The field is located 20 km offshore Sarawak in water depths of 100 ft. The field, which was discovered in May 1968, fell under the BDO PSC, which was to expire on 31stMarch 2018. A new EOR PSC was signed on 16thJanuary 2012, which extends the expiry date to 2040.
The field structure consists of a 30,000 by 9,000 ft elongated anticline running NE-SW and comprises a series of stacked reservoirs at a depth of 4000 to 9500 ft. The field is considered structurally simple, with a normal growth fault affecting only the deep reservoirs and no other faults visible on 2D seismic or in the wells.
The field reservoirs were deposited some 20-23 million years ago during Cycle V of the late Miocene in a lower coastal plain to coastal environment. The depositional environment of this field is dominated by a sequence of shore-face deposits, which formed 6-11 million years ago during Cycle V of the late Miocene.

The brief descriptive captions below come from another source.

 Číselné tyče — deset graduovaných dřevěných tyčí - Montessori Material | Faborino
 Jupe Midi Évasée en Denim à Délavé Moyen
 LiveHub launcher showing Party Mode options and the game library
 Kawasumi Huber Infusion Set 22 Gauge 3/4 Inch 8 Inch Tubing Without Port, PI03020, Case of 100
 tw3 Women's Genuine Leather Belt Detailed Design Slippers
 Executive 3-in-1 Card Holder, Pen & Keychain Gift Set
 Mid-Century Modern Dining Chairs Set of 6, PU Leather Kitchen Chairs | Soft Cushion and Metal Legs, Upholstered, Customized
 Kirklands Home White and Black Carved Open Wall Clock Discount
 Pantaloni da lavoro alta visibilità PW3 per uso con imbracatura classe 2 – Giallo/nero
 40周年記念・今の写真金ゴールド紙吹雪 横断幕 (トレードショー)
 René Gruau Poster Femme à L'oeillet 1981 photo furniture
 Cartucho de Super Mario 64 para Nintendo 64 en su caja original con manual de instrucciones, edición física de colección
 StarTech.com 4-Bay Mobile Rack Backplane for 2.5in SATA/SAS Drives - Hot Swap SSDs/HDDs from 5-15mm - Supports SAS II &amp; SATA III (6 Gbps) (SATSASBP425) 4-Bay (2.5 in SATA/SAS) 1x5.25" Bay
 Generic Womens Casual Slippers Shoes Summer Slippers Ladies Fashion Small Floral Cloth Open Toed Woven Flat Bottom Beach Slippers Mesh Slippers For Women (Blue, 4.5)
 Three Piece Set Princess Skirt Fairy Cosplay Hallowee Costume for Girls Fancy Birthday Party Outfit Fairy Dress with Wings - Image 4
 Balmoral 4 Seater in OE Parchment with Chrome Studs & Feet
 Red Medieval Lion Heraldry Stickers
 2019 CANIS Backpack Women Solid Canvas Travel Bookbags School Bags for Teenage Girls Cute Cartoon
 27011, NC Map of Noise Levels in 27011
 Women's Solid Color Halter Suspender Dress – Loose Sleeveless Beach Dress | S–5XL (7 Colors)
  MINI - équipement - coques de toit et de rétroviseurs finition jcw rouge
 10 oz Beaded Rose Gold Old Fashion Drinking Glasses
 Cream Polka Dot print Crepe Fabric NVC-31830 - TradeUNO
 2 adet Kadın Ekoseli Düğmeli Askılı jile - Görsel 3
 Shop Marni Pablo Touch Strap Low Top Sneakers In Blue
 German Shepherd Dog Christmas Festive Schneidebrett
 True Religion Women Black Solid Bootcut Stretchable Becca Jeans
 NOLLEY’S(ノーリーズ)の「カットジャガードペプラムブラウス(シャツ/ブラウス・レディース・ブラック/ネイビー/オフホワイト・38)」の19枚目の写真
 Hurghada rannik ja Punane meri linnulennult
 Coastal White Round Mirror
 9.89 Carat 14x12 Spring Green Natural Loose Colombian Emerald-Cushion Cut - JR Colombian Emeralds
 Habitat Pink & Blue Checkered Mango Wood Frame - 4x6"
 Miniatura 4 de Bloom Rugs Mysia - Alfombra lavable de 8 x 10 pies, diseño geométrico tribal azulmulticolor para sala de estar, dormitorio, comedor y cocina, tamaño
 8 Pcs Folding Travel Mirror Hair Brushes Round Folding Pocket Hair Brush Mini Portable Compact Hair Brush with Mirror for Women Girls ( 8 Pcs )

Sands are loosely consolidated, fine to very fine grained and interbedded with layers of silts and clays. Porosity ranges from 14 to 26 % with a field-wide mean of 20%. The permeabilities are in the order of 50 to 3000mD. Net sand thicknesses are less than 30 ft, with most individual sands around 10 ft. The reservoirs are subdivided into three categories (Figure 1):
Shallow Reservoirs at depths of 4000 to 5300 ft, which are characterized by large gas caps and mostly thin oil rims, and are currently considered unfaulted.